Clark University’s Strassler Center Has Institutionalized Antizionism
Clark University’s Strassler Center for Holocaust and Genocide Studies is renowned worldwide for its distinguished doctoral programs and scholarship on mass atrocities. That reputation makes it all the more troubling that since Hamas’s massacre of Israelis on October 7, 2023, the center’s programming and scholarship have consistently advanced an antizionist narrative that treats Jewish sovereignty as criminal. By institutionally endorsing antizionism, the Strassler Center raises serious concerns about academic rigor, ideological activism, and the misuse of scholarship to demonize Israel.

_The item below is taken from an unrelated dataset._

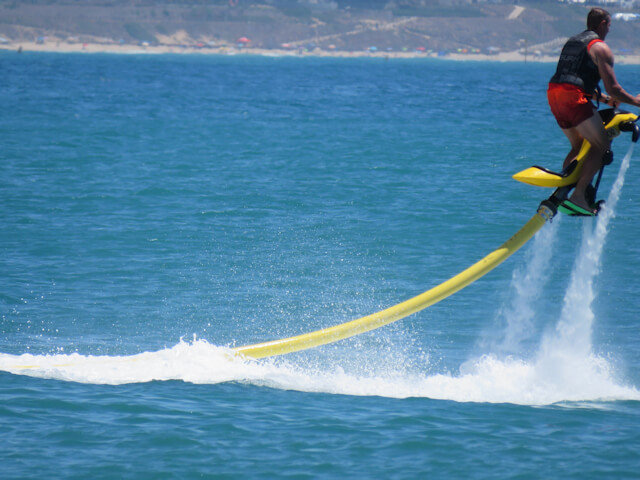 Mossel Bay Jetovator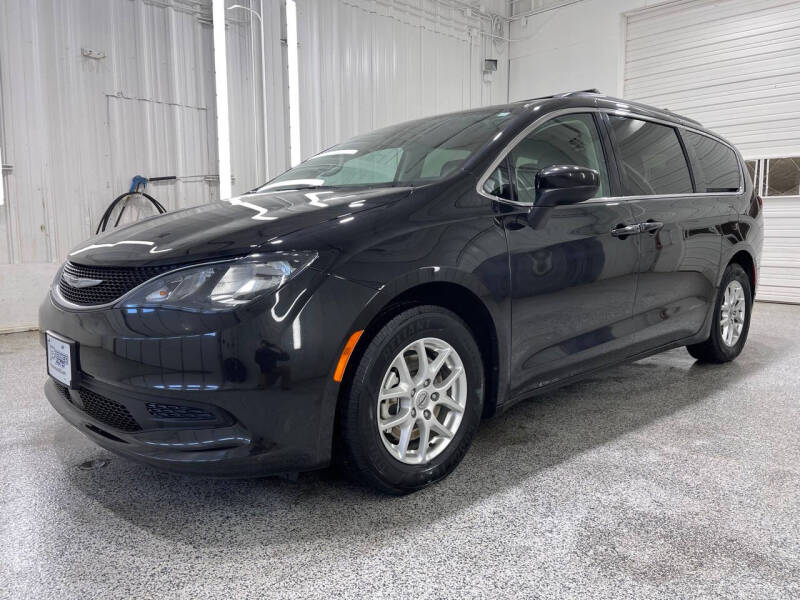 2021 Chrysler Voyager LXi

This narrative was visible at a panel titled “Antisemitism in American Law and Life.” During the Q&A, a student asked panelists Marjorie Feld and Jonathan Feingold to define Zionism. Feld replied that she does not consider herself to be a Zionist and repeated the myth that Zionism was solely responsible for the exiling of Palestinians in 1948. The student expressed dissatisfaction with the answer. Feingold emphasized precision in discussing Zionism, yet did not provide a definition himself. When a panel on antisemitism cannot clearly define Zionism, the result is conceptual ambiguity rather than clarity.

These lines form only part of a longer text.